Having rolled out its new body this season, Chevrolet has gone to victory lane just once in 14 races. Granted, it was the Daytona 500 (with the No. 3 of Austin Dillon) but the manufacturer has not been performing up to the standards most are accustomed to seeing, specifically from the likes of Hendrick Motorsports and Chip Ganassi Racing.

“I don’t think the car has really showed its potential,” Suhy, the Chevrolet NASCAR group manager, said Thursday during a tour of the Chevrolet Lansing [Michigan] Grand River Assembly plant. “I know that our teams are working very hard. We’re certainly working very hard with them to understand where we’re at, and I do think there’s been bright spots. Last weekend at Pocono, especially. We saw some good speed across all three of our key partner teams. So, I think it’s coming along.”

Kyle Larson has largely carried the Chevrolet banner. Although winless, Larson has led nearly 400 laps already this season with nine top-10 finishes. Not only is Larson the highest-ranking Chevrolet driver in the standings, he is the only one in the top 10.

However, Larson has also been the outlier when addressing how the Camaro feels. Larson said back in early May the new car does not feel any different to him than last year’s model.

There has not been just one hurdle for Chevrolet to overcome. According to Suhy, most teams running the car have experienced challenges with aero performance — a variable affected by other pieces of the racing puzzle.

Jimmie Johnson’s Camaro headed for inspection (Image by Robert Laberge/Getty Images for NASCAR)

“There was the new car [and then] I think the new rules, the flat splitter — I won’t say caught people flat-footed, but I think a new body was just an added complication on top of what were probably some significant rule and enforcement changes by NASCAR,” said Suhy. “But again, as you look back I think as far as Kansas or even before that, the 42 with Kyle Larson has had good speed.

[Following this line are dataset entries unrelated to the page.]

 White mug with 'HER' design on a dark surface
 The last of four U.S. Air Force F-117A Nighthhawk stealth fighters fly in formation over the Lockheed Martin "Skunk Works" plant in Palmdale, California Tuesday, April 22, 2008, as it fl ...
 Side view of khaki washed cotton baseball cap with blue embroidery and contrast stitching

“A couple of Hendrick cars have been fast along the way, so I think it’s really a matter of people finding their way not only with the new car but the whole [inspection] system, flat splitter and things like that. It’s a lot of work to put on somebody’s plate.”

The rules, not so much the body of the car, are also what the crew chiefs on hand Thursday pointed to as the primary challenge. Chad Johnston, Larson’s crew chief, said the body given the old enforcement of the rules has a lot more potential than what teams had last year. But the enforcement of the rules this season has changed things more for Chevrolet than others.

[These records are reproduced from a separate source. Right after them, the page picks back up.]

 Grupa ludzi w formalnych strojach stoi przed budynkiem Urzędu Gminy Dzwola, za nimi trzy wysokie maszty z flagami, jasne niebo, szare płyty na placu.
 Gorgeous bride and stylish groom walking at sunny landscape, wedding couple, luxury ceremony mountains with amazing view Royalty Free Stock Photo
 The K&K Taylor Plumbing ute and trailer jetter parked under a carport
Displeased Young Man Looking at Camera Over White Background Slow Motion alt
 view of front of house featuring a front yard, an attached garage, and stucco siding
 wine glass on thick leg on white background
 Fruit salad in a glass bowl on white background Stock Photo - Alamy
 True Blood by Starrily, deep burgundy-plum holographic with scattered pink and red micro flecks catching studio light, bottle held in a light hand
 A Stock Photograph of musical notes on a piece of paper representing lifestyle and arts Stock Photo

By moving to a three-dimensional heat map of a car — the OSS system — NASCAR believes it has a more thorough inspection process and a more level playing field. Officials cracked down on teams having flat splitters last month in Dover, for example. Ford’s Brad Keselowski has suggested the OSS system has been a benefit to his manufacturer, which now has the oldest body style.

“I think a lot of guys came in and all they had to do was adapt to the enforcement of the rules, where we had to adapt to a new body and the enforcement of the rules,” said Johnston. “It’s probably slowed our learning curve compared to them some. I think you saw it last year with Toyota when they had a new body; they started off a little slow. I feel like we’re getting closer.”

Drew Blickensderfer of Richard Petty Motorsports went as far as saying the car is not the issue.

“The issue is just what we expected and what we actually saw when we got on the racetrack,” said Blickensderfer. “I think the overall downforce in a vehicle, if it’s shifted forward or rearward, that’s the thing you have to try to overcome. Once you have the complete downforce, you’re OK. And I think we have that, we just have change our setups and our mindsets of how we’ve done things for a few years.

“This car’s balance is a little different than what we were used to. We had no preconceived notions of what to expect, we just had our history. So we got into the season and it’s a little different balance. I think we’ve crept up on what we’ve needed to get better throughout the year — you can’t just change a car’s aero balance or the way it drives very quickly anymore. You got to kind of work in five, 10 pounds at a time here or there. Early in the season we struggled — we had 22nd-place cars at the mile-and-a-halfs and I think at Charlotte we were a 15th-place car legitimately. You see it with all of us (Chevy teams) — we’re getting a few spots better every single week, and I think before long, hopefully, that leads to where we want to be.”

The summer stretch has been pointed out by a few different drivers and crew chiefs as the sweet spot. With the potential there, by the time summer hits the expectation is that the results will start improving.

“I’m confident we’re going to see gains in this next third of the season or so,” said Suhy. “I think we saw the beginnings of it last weekend at Pocono.”